Irritable bowel syndrome (IBS) is a common condition affecting 5 to 10 percent of the global population. Characterized by intermittent abdominal pain along with diarrhea, constipation, or alternating episodes of both, the disorder targets the gastrointestinal tract which includes the stomach and intestines. While IBS is a chronic condition that requires long-term management, it doesn’t produce changes in bowel tissue or increase your chances of developing colorectal cancer.

What Are the Common Types of Irritable Bowel Syndrome?

IBS is categorized into four types, each defined by the group of symptoms a person with IBS might experience.

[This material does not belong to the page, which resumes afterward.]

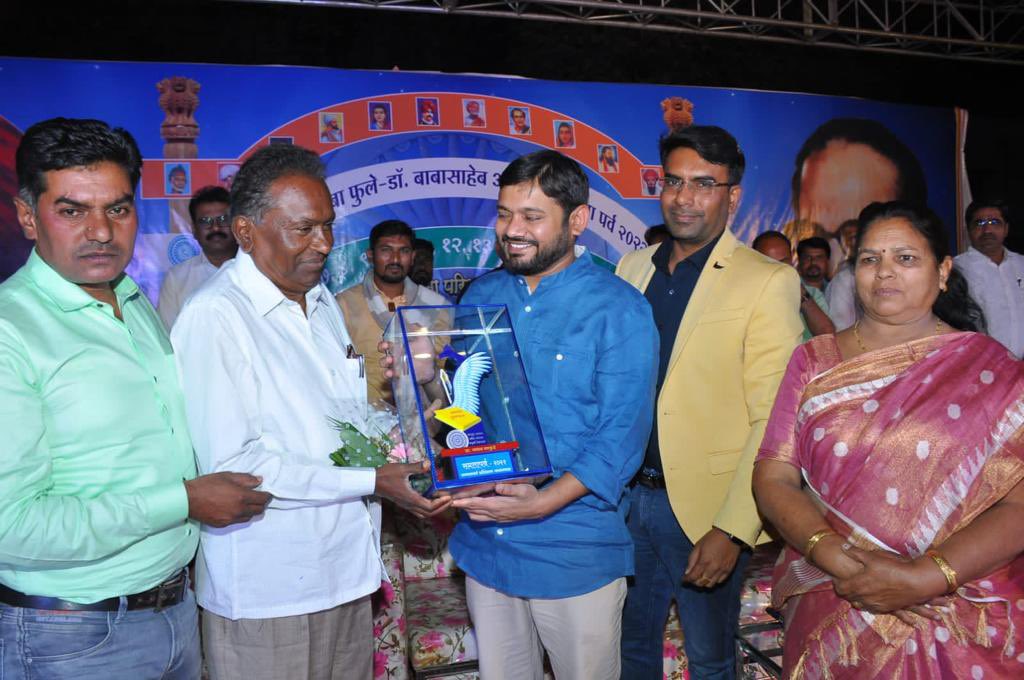 kanhaiyakumar's tweet photo. महात्मा फुले और बाबा साहेब की याद में आयोजित “समता पर्व”
यवतमाल, महाराष्ट्र॥ https://t.co/I2RvwtjUiv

IBS With Constipation (IBS-C)

IBS with constipation (IBS-C) is a chronic condition classified by abdominal pain and bloating, gas, and constipation. People suffering from the disorder may experience straining or difficulty having bowel movements, feel as if they are unable to empty their bowels, or have the sensation of needing to go to the bathroom but are then unable.

IBS-C is typically defined by hard pellet-like bowel movements and a change in either frequency or consistency, and its cause is unknown. Researchers believe there are several factors that could act as catalysts:

Increased fluid absorption in the colon

Decreased muscle movement in the colon

Sensitive nerves

Miscommunication between the bowels and the brain

IBS With Diarrhea (IBS-D)

IBS-D is a multifactorial condition characterized by recurrent abdominal discomfort or pain and altered bowel function. Approximately one-third of the people diagnosed with IBS have the syndrome associated with diarrhea.

Factors such as prior gastroenteritis, changes in the gut microbiome, stress, bile acids, and short-chain fatty acids that alter gastrointestinal function can contribute to these IBS symptoms.

IBS With Mixed Symptoms of Constipation and Diarrhea (IBS-M)

IBS-M is a type of irritable bowel syndrome that is characterized by inconsistent bowel habits. Individuals affected by this subtype will experience all of the typical IBS symptoms but will also be challenged by bouts of constipation and diarrhea.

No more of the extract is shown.